It’s an event where mohawks and spikes are commonplace, an event where slamming someone on the ground is called moshing and an event where generations of punk rock artists converge for a fun-filled day of blasting music, the blazing sun and occasional three dollar bottled water showers.
This enchanted event is known as the Van’s Warped Tour, and it made the second yearly stop at the Sun Dome on August 4. For eight years now, the nationwide tour has spread the alluring sounds of breakthrough pop artists such as Blink 182, Papa Roach, No Doubt, Eminem, 311, Alien Ant Farm, and Green Day along with Warped tour staples such as NOFX, Lagwagon, Guttermouth, the Mighty Mighty Bosstones, and Flogging Molly. Throughout the years, the Warped Tour has managed to stay true to its punk beginnings while satisfying the pop culture palate at the same time.
This year, the lines began forming at the Sun Dome’s box office as early as 9 a.m. Despite the scorching heat, two lines formed the width of the Sun Dome.
The doors opened at 11 a.m. and the lines began moving swiftly. Once the concert-goers survived the bag checks and ticket-ripping rituals, they were bombarded by soliciting.
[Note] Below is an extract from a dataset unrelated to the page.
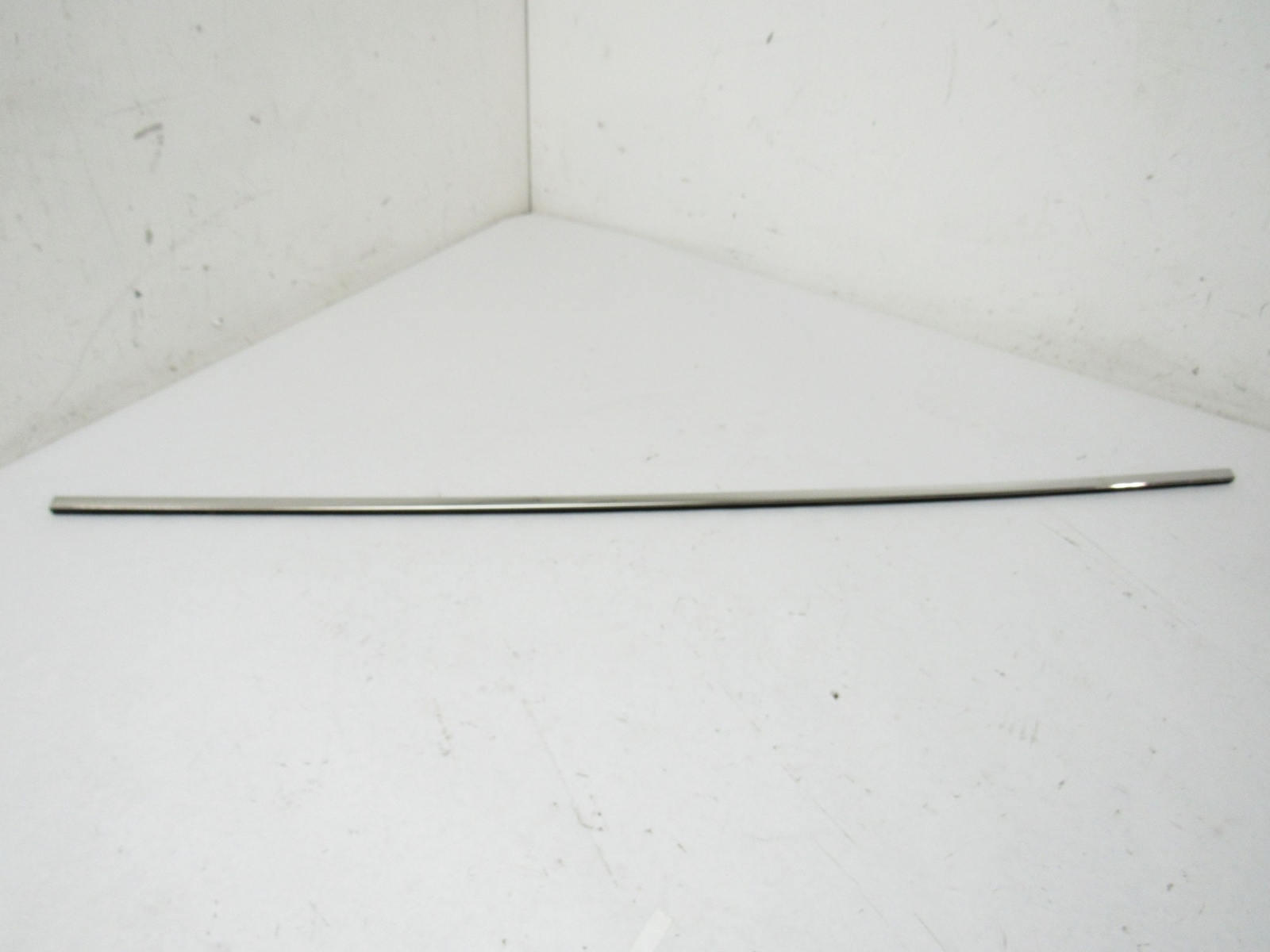 Aston Martin DB9 Front Left Driver Door Molding Cover Panel Trim 08-10 |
Fortunately, most Warped soliciting is free. Promoters handed out free CDs, stickers, posters and flyers stating their band’s showtime and stage.
The first hundred or so that entered could benefit from the promotion the most by visiting the many booths and receiving their limited supply of promotional material. Various record labels including Epitaph, Spitfire, Kung Fu, Lameass, Fearless, and Lookout! had tents set up and were there to support their artists, sell some records and get out their name.
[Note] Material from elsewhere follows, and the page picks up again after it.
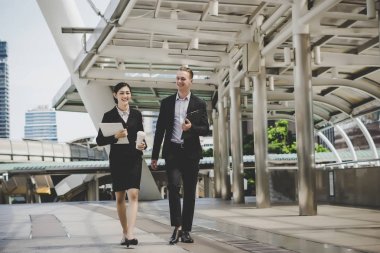 Birlikte geri işten gelirken konuşurken meslektaşım.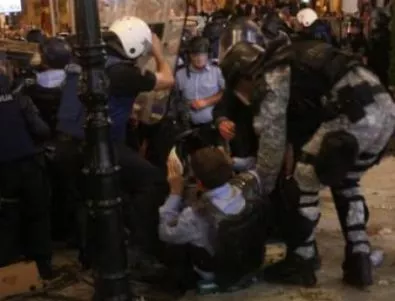 Куманово е блокиран, ранени са полицаи (ВИДЕО)*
With the concert-goers browsing the record label booths, glancing through the Bob Marley memorabilia tents, comparing the overpriced concession stand goodies and witnessing mountain bike demonstrations, the Warped Tour became more than an outdoor concert and much like a carnival.
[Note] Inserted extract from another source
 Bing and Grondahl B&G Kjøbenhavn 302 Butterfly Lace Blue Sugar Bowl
“To be honest, I didn’t eat anything except for a slushie,” said 18-year-old Kevin Schroeder of his day at the Warped Tour. “It was the most expensive colored ice I’ve ever had.”
Despite the four dollar slushies, one could jam on an Ernie Ball Musicman guitar, chug YooHoo and watch the disturbing antics of the Skatepark of Tampa all within the same hour and all for free.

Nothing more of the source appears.